What employer could resist that?
Can you really be anything you want to be?
October 31, 2011 § 3 Comments
We all remember that childhood conversation with our parents. The one where you’re told that you can be anything you want to be, just as long as you put your mind to it. I’ve always believed this to be true. After all, as children we are blank canvases, able to collect and create a multitude of experiences and opinions that make us ideal for our own futures. But thinking back to our childhood dreams, you have to wonder how plausible this idea is. Surely, it must be very few people that end up doing what they dreamed they would when asked the pivotal question, “What do you want to do when you grow up?”
I always wanted to be a marine biologist, convinced that this meant playing with dolphins all day rather than the reality of boats, labs and seawater. But if someone offered me the chance to be a marine biologist today, I’d have to turn them down. My sister on the other hand, answered that classic childhood question with similarly classic childish honesty. When she grew up, she wanted to be able “to drink Bacardi Breezers”.
Ask a class of kids today what they want to do when they grow up and you’ll get a lot of the same answers; the lures of pop-stardom and space exploration make for seemingly brilliant career choices. As adults we know the truth. With fame comes hard work, pressure and a near-constant hounding from the press; with space exploration comes isolation, intense physical conditions and an indelible helping of life-threatening danger. Not the best 9-to-5 career choices.
There comes a point in our lives, however, when our ability to do anything and to be anyone comes to pass. It’s difficult to say when that point is, and obviously with every door that we close on possible future careers, we open hundreds more with our commitment to a set route. When I chose to take no science subjects at A-level, I firmly closed the doors on medicine (and my misinformed dreams of marine biology), but opened up a world of opportunities to careers in the arts.
But at the age of 21, just four months after graduating, I already feel like my choices are incredibly narrowed. I’m a creative person and have a passion for advertising, for branding and for communications in general. In my ideal job I’d get to write and be a little bit creative every day. I have varied experience in all sorts of jobs; from writing yoghurt campaigns to tracking down financial criminals, as well as the more standard office and admin work along the way.
You’d think that this wide range of experience would make me an ideal candidate for any of the entry level marketing/design jobs I’ve applied for so far, and yet after several interviews I always hear that I’m a lovely girl, but just too creative for the job. Apparently creativity doesn’t work when you’re supposed to be doing admin day-to-day; I guess nobody wants a spreadsheet with panache. But do companies really need to employ the same old person to file, copy, print, repeat? Maybe employers are under-estimating the passion and commitment that today’s graduates have to break into their desired field, and can bring to any level of a business.
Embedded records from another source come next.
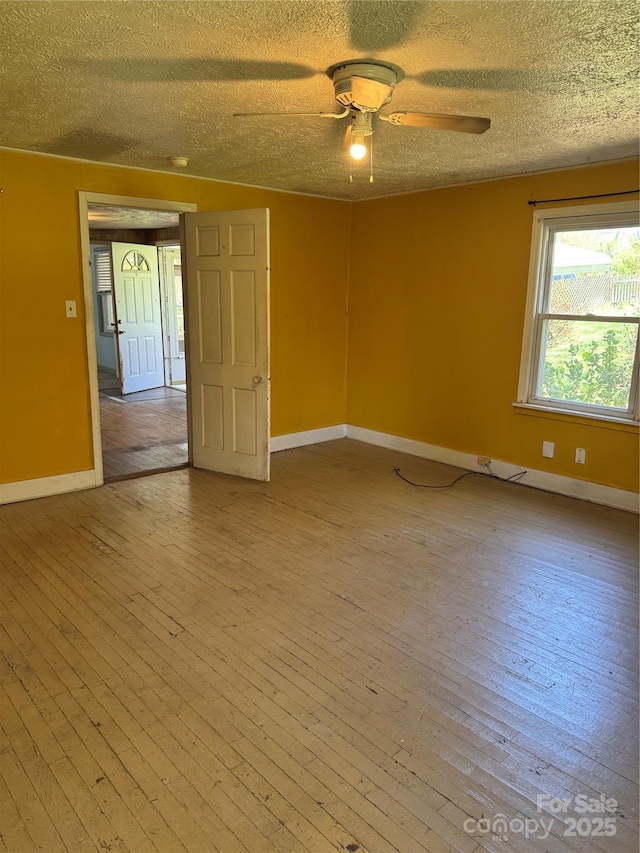 17 Jenny St, Asheville, NC 28806 - empty room featuring a textured ceiling, light wood finished floors, a ceiling fan, and baseboards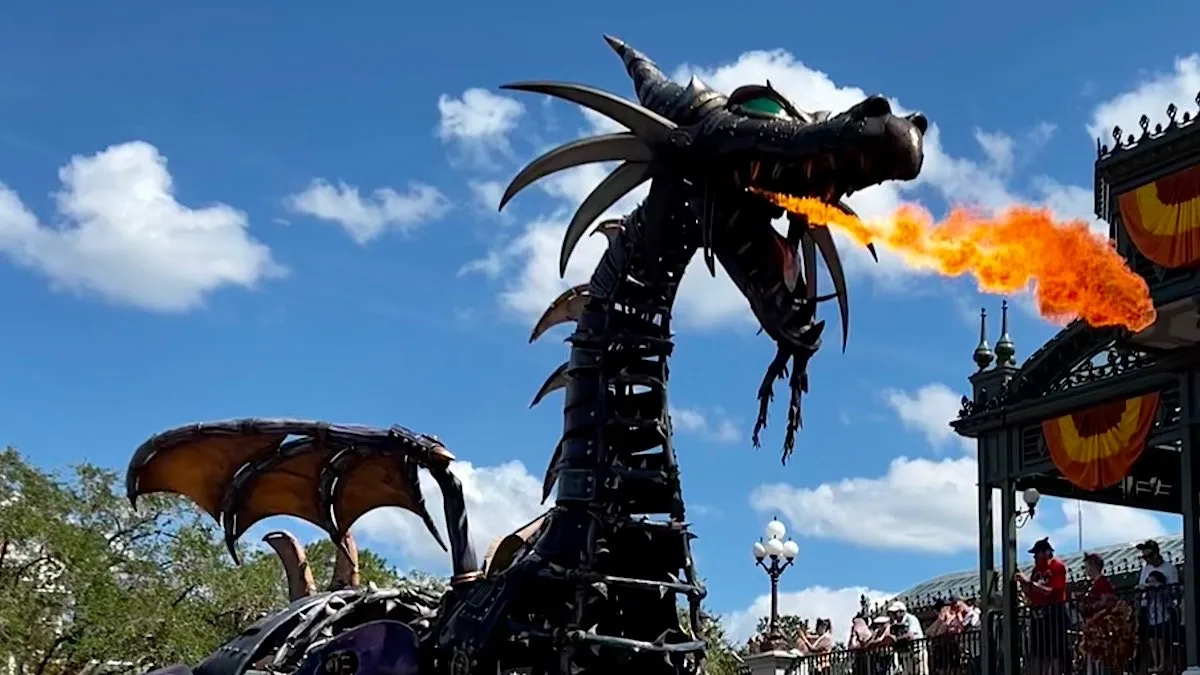 Magic Kingdom festival of fantasy parade maleficent fire dragon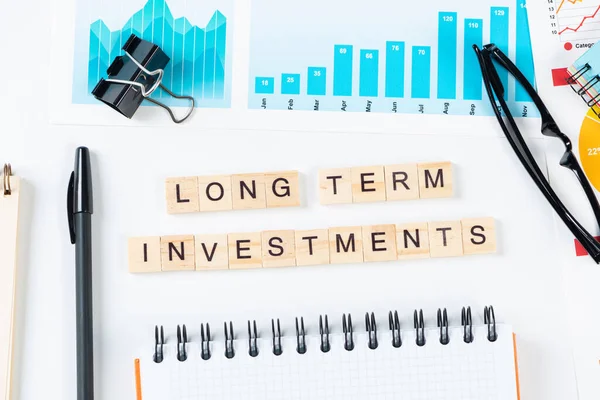 Long term investments concept with letters on wooden cubes. Still life of office workplace with supplies. Flat lay white surface with notepad, pen and financial report. Financial success and planning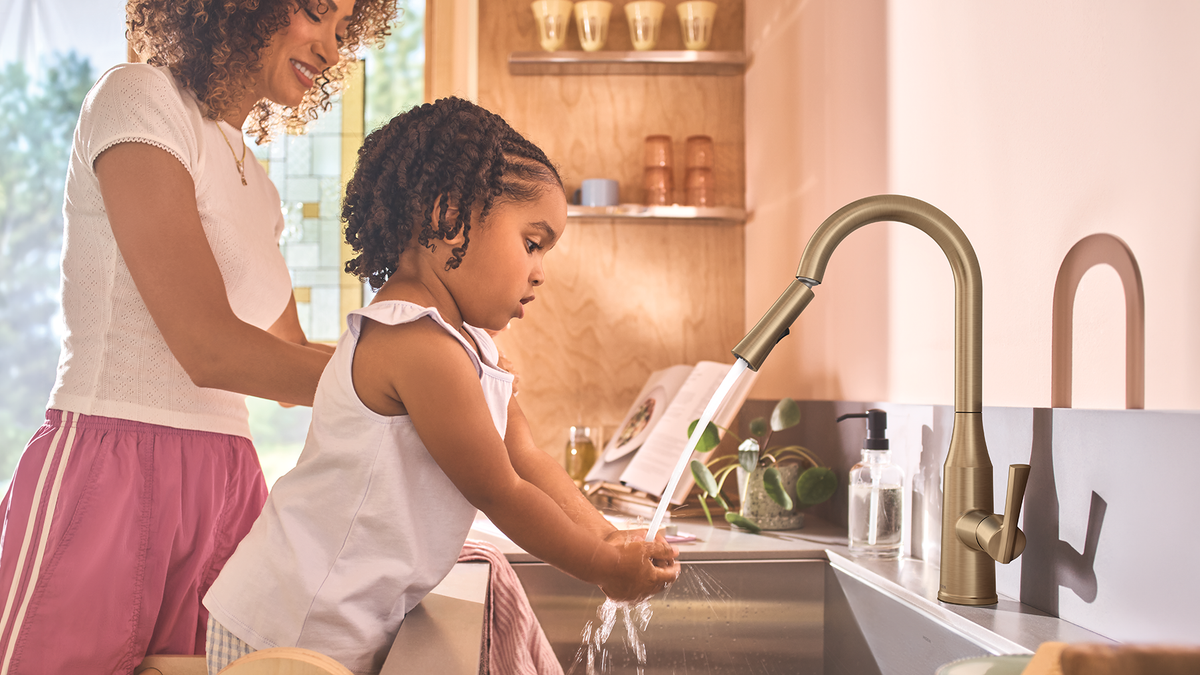 A woman and a young girl wash hands together at a kitchen sink with a modern matte brass faucet. The scene is set in a warm, well-lit kitchen with wooden shelves and neutral tones.
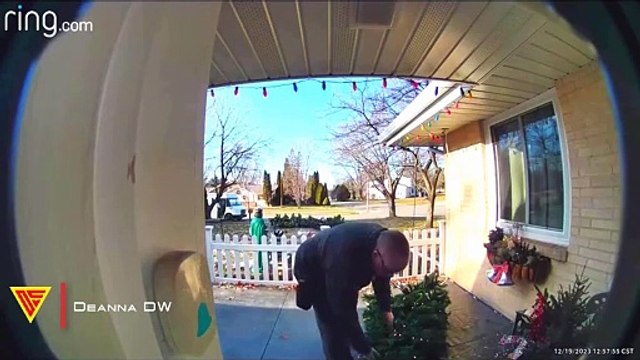 Delivery Man Fixes Christmas Tree Outside House Caught on Ring Camera | Doorbell Camera Video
We are well aware that we’ll have to start at the bottom, but are committed to making the most out of our opportunities to ultimately get to where we want to be.
All this raises an interesting issue. As a recent graduate, I’ve tried to make myself as employable as possible and am looking for an entry-level position to get into a company and progress. Yes, I have experience as a creative but that’s not all I’ve done, it’s not all I do, and I’m not even sure it’s all I want to do. I still feel very young, know that I have a lot to learn, and just want an opportunity to develop all my skills. What if I want to work as a project manager? A magazine journalist? A book critic? I have an excellent English degree and experience that makes me suitable for all these jobs – does my passion for advertising and my creativity mean I am any less capable of doing them?
So – can you really be anything? The job market today seems to think that you can’t. I’m determined to prove them wrong. Marine biology, here I come.
Just kidding. But arts, media, design, advertising, branding, marketing, PR, magazine and literary world – look out!